Stastny, who is coming out of a three-year deal that paid him US$6.5 million annually, will play for US$3.75 million in the 2021-22 campaign. His returns keep a solid forward core intact for general manager Kevin Cheveldayoff and coach Paul Maurice, one that includes Stastny's good friend, Blake Wheeler, Mark Scheifele, Nikolaj Ehlers, Kyle Connor, Pierre-Luc Dubois, Adam Lowry and Andrew Copp.
The Jets are banking on that group, in addition to goalie Connor Hellebuyck and what they hope will be a much-improved blue-line with Brenden Dillon and Nate Schmidt brought in by trades, to keep the championship window open after finishing third in the all-Canadian division this past year, sweeping heavily-favoured Edmonton in the first round and then getting swept by underdog Montreal in the second round.

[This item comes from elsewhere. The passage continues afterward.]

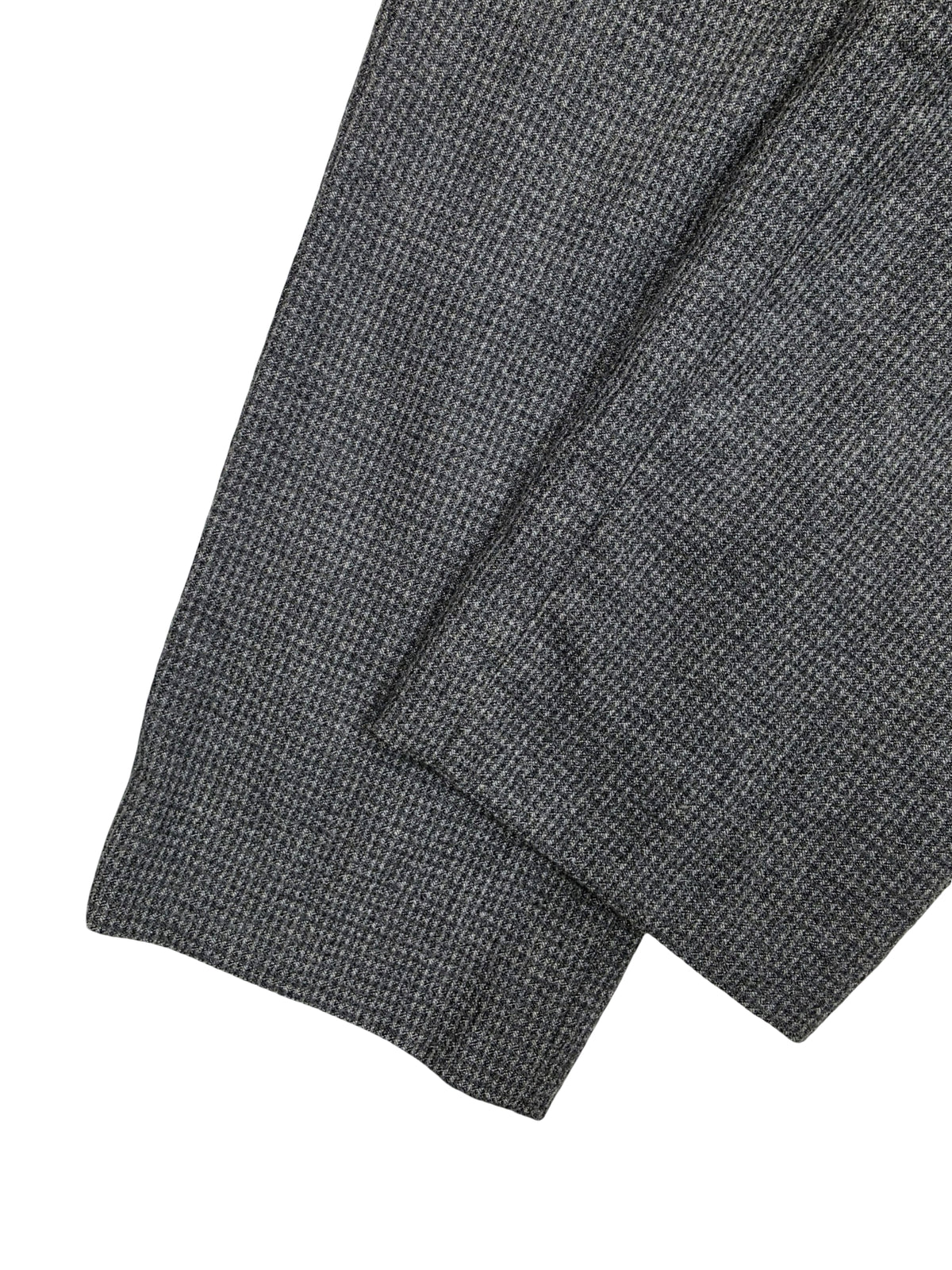 Damskie Spodnie Massimo Dutti Wełniane Garniturowe Szare Pepitka Rozmiar 34 XS
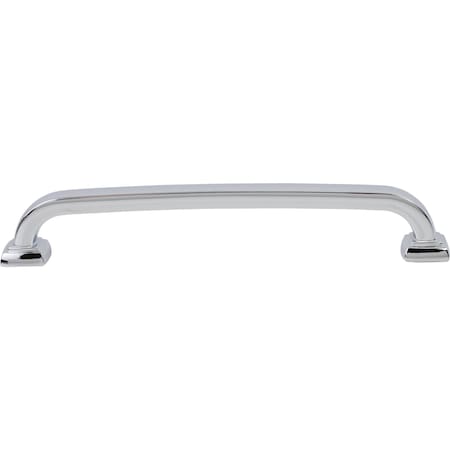 Designperfect 6-5/16'' Center-to-Center Handle Pull, Polished Chrome DPA-S35PC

"There’s no perfect situation, no perfect team, and I think it just shows that’s the NHL these days. There’s probably 22 or 23 teams that think they’re going to win the Cup every year at the start of the year, maybe more, but that’s what makes it fun, that’s what makes it competitive, that’s what makes every game so impactful," said Stastny.

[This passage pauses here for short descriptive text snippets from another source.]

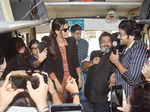 Diana Penty, Jeeveshu Ahluwalia and Ali Fazal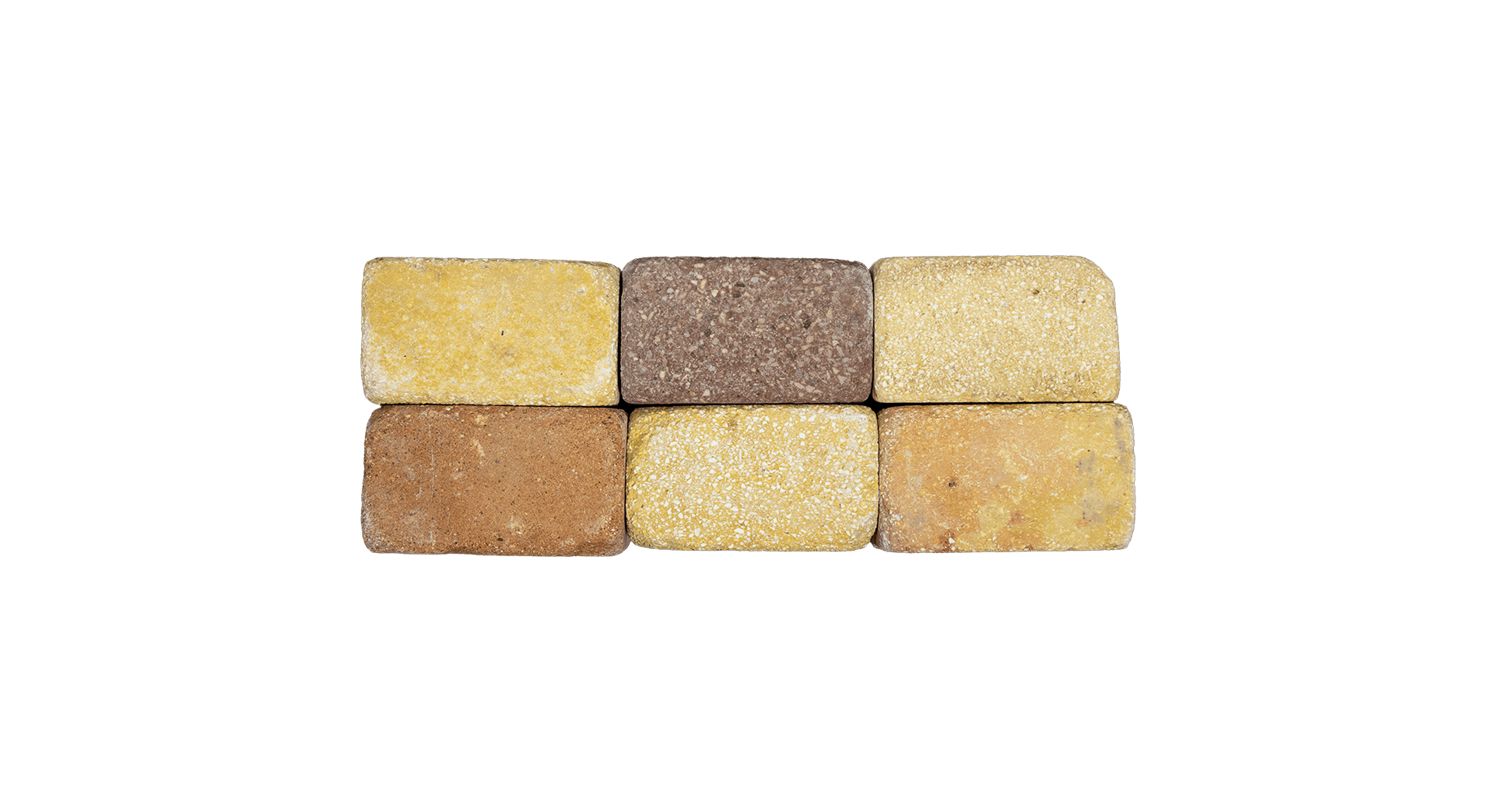 Reclaimed Fire Brick brick cobbles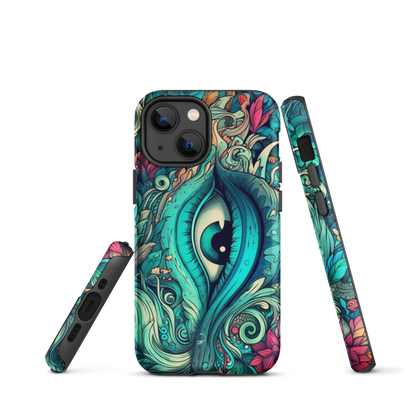 FloralGaze Case for iPhone®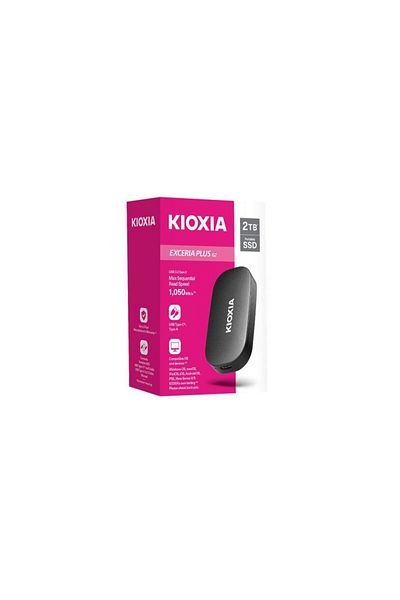 Kioxia 1Tb Exceria Plus USB 3.2 G2 1050/1000-3Y (Model:Lxd20K001Tg8)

Stastny showed off his versatility last year, playing at times on the first, second and third lines, both at centre and the wing once Dubois was acquired in a trade. He had 29 points (13 goals, 16 assists) in 56 regular-season games, and a goal and an assist in six playoff games.

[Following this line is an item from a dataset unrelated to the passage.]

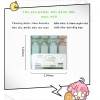 Bộ 4 bút highlight dạ quang nhũ lấp lánh HI19 - pastel ánh kim, giảm còn 74.750₫ 9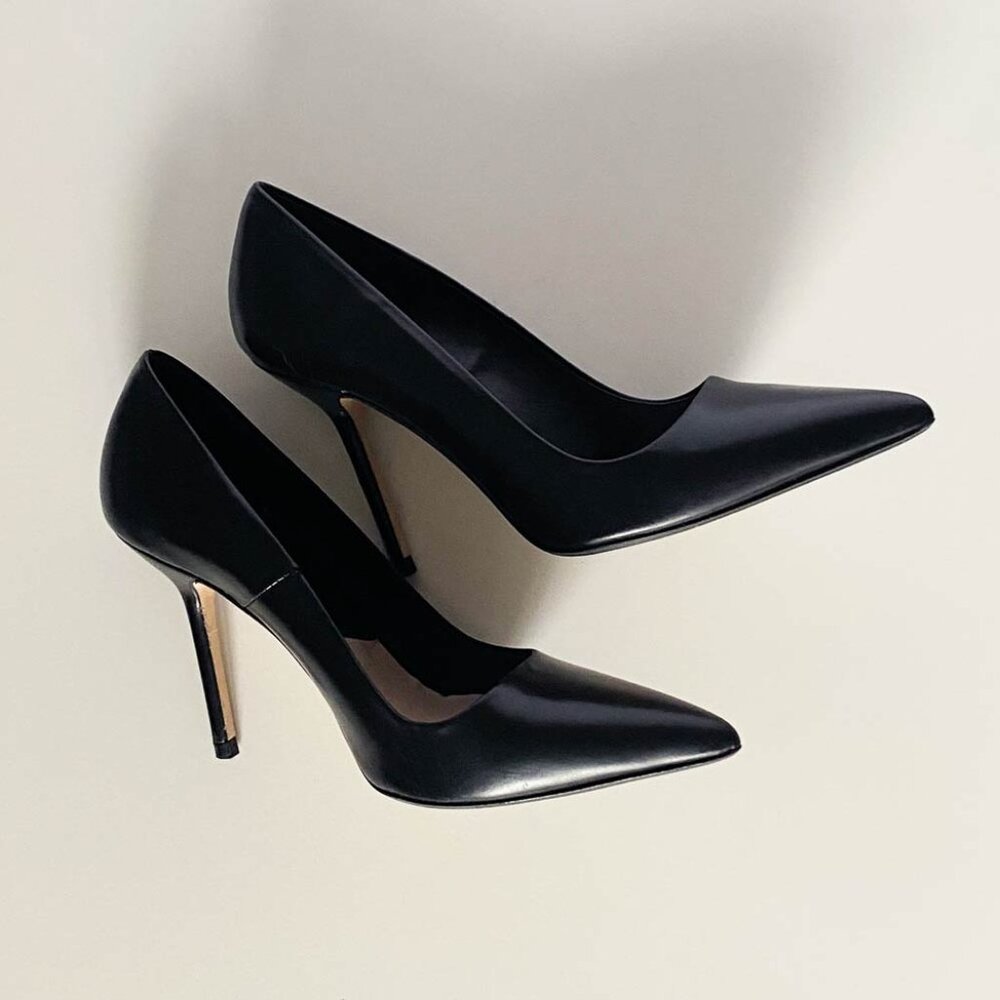Black Stiletto Heels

"When you’re playing with good players, you have different line combinations, things get stagnant throughout the season so you’ve got to be ready for anything. And like I said, when you’re playing with some of those guys, you’re just enjoying it and you’re just getting better and you’re constantly learning and just evolving as a player," he said.
"When you have a coach like Paul, who understands my game and knows me and you get constant feedback, it’s good for me just to bounce ideas off him and vice versa and I feel like we both can think out there together and find what’s best for me or what’s best for our team or what’s best for different guys."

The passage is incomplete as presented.